Les promoteurs du salaire minimum estiment aussi qu’il s’agit d’un premier pas, avant de s’atteler à de nouvelles avancées. « Surtout, note M. Leibbrandt, 47 % de la main-d’œuvre est déjà couverte par ce salaire minimum national. Symboliquement, c’est le signe que la société bouge et se soucie des plus vulnérables. » Avant d’en arriver là, quatre années de gestation auront été nécessaires à la maturation du processus.

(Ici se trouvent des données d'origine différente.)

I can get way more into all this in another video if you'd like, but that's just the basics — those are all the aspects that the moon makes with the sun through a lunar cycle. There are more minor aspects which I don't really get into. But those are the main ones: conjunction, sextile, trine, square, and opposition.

Quels ont été les principaux défis auxquels les initiateurs du salaire minimum ont dû faire face ? Réponse en cinq points :

 

chiffrePourquoi instaurer un salaire minimum ?

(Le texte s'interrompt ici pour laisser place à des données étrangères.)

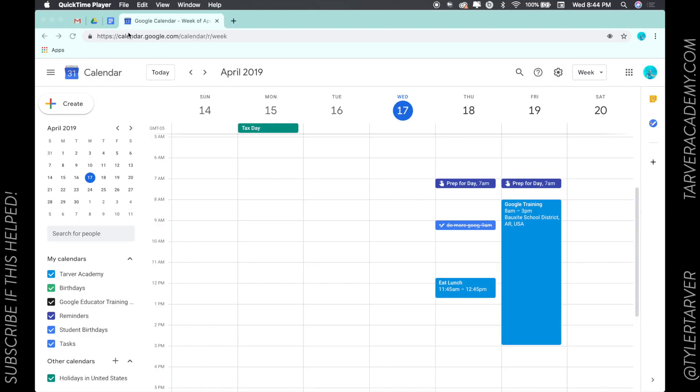What's up ladies and gentlemen, this is Tyler with Tarver Academy and today we're going to learn something together. We're talking about Google calendars. Before we get started though, if you could hit the subscribe button, it's the red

Pour un pays qui n’en était pas encore doté, la question se posait. « Les partenaires sociaux ont convenu que la mise en place d’un salaire minimum national était un outil positif pour remédier à la situation de pauvreté et d’inégalité dans notre pays, note le rapport de la commission mandatée par la présidence sud-africaine sur le salaire minimum. À lui seul, il ne résoudra pas tous les défis auxquels nous sommes confrontés, mais c’est une politique applicable, conçue avec un cadre mesurable et concret, et qui bénéficie aux pauvres. Le salaire minimum est à considérer comme étant l’un des outils permettant de combler l’écart salarial – y compris entre les sexes – et de ce fait, de vaincre la pauvreté. » 

 

chiffre La preuve par la recherche

Les études entreprises par divers chercheurs et institutions sur l’impact de cette mesure forte arrivent toutes à la même conclusion : l’introduction d’un salaire minimum national n’a souvent pas ou peu d’effet négatif sur l’emploi. Correctement mis en œuvre, il peut avoir des effets positifs sur les niveaux de pauvreté. Prudence néanmoins, car « un niveau de rémunération trop élevé du salaire minimum aurait un effet négatif sur l’emploi ». Avec pour premières victimes les plus pauvres, ceux-là mêmes qui sont visés comme bénéficiaires par le dispositif. 

  

chiffreQuel niveau de salaire ?

Alors, où mettre le curseur ? Le panel de sept experts associé au rapport a soigneusement soupesé les données et propositions émanant des partenaires sociaux et des autres parties prenantes dans le processus pour parvenir au niveau de 20 rands de l’heure et 3 500 rands par mois comme valeurs de départ du salaire minimum. Un seuil qui « maximise les avantages pour les pauvres et minimise les effets possibles du chômage » dus à l’introduction d’un salaire minimum. « Un chiffre inférieur aurait un effet beaucoup moins important sur la pauvreté et un autre plus élevé commencerait probablement par provoquer plus de chômage », estime le panel qui propose de réévaluer le niveau de rémunération du dispositif une fois par an.

 

chiffre Pour qui ? 

Petites entreprises de moins de dix employés (avec un délai d’un an pour s’ajuster), jeunes salariés, travailleurs dits vulnérables comme les manœuvres ou les employés de maison… Tous les secteurs des emplois potentiellement peu rémunérés sont concernés par le salaire minimum en Afrique du Sud. Ceux dont l’équilibre est le plus fragile bénéficient d’un délai pour s’ajuster ou d’une dérogation provisoire allant de 75 % (personnels de maison) à 90 % (travailleurs agricoles et forestiers) du montant du nouveau « Smic ». Des dérogations clairement appelées à être « supprimées au fil du temps » pour faire du salaire minimum un vrai système universel au niveau national. Les travailleurs indépendants et les travailleurs issus d’une même famille dans des structures informelles restent exclus du système.

 

chiffre Et maintenant ?

Aux institutions de jouer, désormais, pour faire vivre et évoluer le salaire minimum dans le temps. Mais pour éviter l’empilement de structures avec les organismes déjà existants liés aux conditions de travail et à l’égalité au travail, le panel d’experts a proposé qu'une seule institution soit créée pour chapeauter l’ensemble, sous la thématique du travail décent. La « Commission du travail décent » comprendra ainsi trois volets (conditions d'emploi, équité en matière d'emploi, salaire minimum national) et sera dotée d’un centre de données et de recherche visant à éclairer ses travaux.